С. Попов: Все эти факторы, которые были как бы... как бы ограничивали обмен информацией, изменяли обычный, хорошо установленный научный процесс, не давали опубликовать результаты исследований и так далее, и так далее... Всё, что окружало атмосферу секретности очень пагубно влияло на качество научных исследований. Однако, как всегда бывает в обычном... в случае человеческих отношений, такие факторы не проявляли себя моментально. Но с течением времени становилось понятным, что система, в общем-то, она глубоко обречена. Доходило до того, что люди начинали подделывать результаты. А почему, собственно, и нет? Если результат не будет никому известен, если он будет известен только начальнику, а начальник, естественно, хочет хороший результат, то зачем стараться? Надо просто написать то, что от тебя хотят. Так что многие люди, логически глядя на вещи, просто подделывали результаты. Даже и подделывать не надо было: часто брали западный журнал, переводили с английского то, что надо было, вот, немножко полировали, и всё это засекречивалось, и никто этого никогда не знал, кроме некоторых комиссий, которые приезжали проверять, как выполнялись проекты.
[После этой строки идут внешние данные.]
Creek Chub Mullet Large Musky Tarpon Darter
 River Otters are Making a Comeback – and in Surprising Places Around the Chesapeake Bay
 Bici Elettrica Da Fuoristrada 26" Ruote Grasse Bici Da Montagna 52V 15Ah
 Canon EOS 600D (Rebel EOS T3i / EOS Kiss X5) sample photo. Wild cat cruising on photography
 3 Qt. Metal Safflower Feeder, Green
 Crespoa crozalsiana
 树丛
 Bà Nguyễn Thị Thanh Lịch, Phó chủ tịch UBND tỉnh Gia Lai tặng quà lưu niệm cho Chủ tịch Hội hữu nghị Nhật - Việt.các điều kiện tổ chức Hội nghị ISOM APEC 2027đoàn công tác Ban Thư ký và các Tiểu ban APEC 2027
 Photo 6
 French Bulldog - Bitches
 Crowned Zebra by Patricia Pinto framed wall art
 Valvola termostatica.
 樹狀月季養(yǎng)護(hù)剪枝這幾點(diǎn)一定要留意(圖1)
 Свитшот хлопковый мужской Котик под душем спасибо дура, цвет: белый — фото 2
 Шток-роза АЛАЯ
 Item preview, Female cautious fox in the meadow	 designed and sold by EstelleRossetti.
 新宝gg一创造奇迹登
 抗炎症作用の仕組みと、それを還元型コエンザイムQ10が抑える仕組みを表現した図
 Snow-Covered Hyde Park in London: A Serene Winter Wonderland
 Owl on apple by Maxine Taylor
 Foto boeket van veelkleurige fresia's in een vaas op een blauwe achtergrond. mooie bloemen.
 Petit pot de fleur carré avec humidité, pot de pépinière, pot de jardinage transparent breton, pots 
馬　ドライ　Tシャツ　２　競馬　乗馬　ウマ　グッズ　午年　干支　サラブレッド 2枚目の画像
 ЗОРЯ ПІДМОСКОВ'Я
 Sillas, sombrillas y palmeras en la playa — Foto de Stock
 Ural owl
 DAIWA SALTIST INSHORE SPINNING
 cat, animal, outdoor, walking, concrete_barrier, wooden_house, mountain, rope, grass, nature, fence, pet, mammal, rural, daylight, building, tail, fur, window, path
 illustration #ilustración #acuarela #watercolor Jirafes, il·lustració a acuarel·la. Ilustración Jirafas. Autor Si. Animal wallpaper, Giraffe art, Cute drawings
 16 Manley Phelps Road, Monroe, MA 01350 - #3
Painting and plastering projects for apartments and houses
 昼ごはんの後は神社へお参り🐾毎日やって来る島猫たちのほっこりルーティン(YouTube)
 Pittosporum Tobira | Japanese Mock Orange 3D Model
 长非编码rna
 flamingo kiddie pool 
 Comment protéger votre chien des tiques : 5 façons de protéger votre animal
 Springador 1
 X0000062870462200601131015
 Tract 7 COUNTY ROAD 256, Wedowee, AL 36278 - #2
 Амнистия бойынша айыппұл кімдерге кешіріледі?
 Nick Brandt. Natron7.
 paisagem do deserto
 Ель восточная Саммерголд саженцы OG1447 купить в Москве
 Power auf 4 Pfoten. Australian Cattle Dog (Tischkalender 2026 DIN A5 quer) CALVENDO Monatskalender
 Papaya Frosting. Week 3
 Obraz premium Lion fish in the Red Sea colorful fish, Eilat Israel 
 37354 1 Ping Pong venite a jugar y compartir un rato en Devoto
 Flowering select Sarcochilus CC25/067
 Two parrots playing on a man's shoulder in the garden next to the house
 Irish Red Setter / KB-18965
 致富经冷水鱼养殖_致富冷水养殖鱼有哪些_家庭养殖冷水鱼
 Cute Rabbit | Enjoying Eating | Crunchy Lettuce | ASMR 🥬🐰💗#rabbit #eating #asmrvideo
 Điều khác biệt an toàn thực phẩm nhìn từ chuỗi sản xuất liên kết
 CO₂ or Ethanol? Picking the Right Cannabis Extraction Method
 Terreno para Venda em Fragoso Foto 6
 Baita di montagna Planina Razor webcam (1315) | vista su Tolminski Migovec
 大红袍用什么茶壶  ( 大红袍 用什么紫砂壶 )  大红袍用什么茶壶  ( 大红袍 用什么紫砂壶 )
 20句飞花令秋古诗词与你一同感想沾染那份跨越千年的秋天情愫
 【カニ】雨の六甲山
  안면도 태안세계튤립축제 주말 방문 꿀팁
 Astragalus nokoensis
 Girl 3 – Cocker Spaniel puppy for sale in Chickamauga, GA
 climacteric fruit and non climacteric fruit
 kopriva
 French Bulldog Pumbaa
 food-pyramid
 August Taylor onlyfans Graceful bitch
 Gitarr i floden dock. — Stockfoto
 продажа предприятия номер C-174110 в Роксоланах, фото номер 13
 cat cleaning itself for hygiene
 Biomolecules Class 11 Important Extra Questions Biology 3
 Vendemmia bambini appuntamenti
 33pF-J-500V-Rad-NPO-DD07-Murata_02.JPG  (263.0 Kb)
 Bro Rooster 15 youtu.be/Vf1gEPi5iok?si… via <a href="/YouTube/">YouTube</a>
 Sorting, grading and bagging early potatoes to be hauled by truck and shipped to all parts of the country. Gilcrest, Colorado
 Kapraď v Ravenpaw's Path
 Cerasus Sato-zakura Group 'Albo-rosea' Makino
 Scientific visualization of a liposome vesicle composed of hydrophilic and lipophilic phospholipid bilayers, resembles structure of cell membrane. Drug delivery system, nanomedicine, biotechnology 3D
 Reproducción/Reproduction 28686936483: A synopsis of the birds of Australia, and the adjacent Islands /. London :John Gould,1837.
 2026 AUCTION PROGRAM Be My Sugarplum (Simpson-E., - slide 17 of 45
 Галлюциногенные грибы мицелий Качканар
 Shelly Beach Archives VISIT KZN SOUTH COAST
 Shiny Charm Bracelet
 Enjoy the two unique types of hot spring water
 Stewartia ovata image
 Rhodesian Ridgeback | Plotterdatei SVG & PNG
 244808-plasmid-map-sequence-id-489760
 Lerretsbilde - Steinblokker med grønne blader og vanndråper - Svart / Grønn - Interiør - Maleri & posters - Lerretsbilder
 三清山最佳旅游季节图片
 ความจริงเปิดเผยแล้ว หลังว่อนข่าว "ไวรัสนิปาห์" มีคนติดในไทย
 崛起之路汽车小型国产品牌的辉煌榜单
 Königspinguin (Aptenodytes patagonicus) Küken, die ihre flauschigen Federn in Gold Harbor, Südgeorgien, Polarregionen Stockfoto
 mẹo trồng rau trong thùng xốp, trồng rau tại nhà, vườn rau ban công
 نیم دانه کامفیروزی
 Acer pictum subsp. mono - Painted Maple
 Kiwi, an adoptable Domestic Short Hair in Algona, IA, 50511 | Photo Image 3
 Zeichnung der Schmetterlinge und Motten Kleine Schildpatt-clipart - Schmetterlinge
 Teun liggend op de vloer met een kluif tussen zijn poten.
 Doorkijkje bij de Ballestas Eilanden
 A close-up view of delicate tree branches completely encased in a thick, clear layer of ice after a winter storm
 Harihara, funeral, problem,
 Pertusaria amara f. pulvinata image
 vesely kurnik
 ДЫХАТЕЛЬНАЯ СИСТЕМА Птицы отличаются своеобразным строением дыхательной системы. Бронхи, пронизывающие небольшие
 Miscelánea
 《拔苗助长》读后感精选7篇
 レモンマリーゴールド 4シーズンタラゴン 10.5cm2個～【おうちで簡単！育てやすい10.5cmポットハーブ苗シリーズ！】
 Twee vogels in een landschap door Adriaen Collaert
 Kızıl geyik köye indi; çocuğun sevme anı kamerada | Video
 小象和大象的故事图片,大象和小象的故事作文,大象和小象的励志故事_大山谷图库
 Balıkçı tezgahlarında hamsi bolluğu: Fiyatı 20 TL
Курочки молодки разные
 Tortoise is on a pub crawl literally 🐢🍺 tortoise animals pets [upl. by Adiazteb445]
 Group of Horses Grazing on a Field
С другой стороны...
Слава Паперно: Это эпизод из вашей биографии?
Попов: Абсолютно. Это... я не подделывал никогда результатов, но мы знали, кто этим занимался. Были люди, которые этим занимались. Это было видно даже невооружённым глазом, когда, скажем, лень было считать бактериальные колонии. Ну, много этих колоний на чашках. Считать их утомительно, неприятно. Ну и писали "тысяча", "десять тысяч", "две... двести тысяч". И видя... видя такие результаты подсчетов, было ясно, что человек подсчетов не делал.
Паперно: В открытом научном процессе это было бы невозможно. Почему?
Попов: В открытом научном процессе просто коллеги сразу выявили бы подлог. Коллеги бы сразу остановили такую активность, такие результаты невозможно было бы опубликовать. Вас бы подняли на смех, если бы что-нибудь такое было опубликовано в серьезном научном журнале.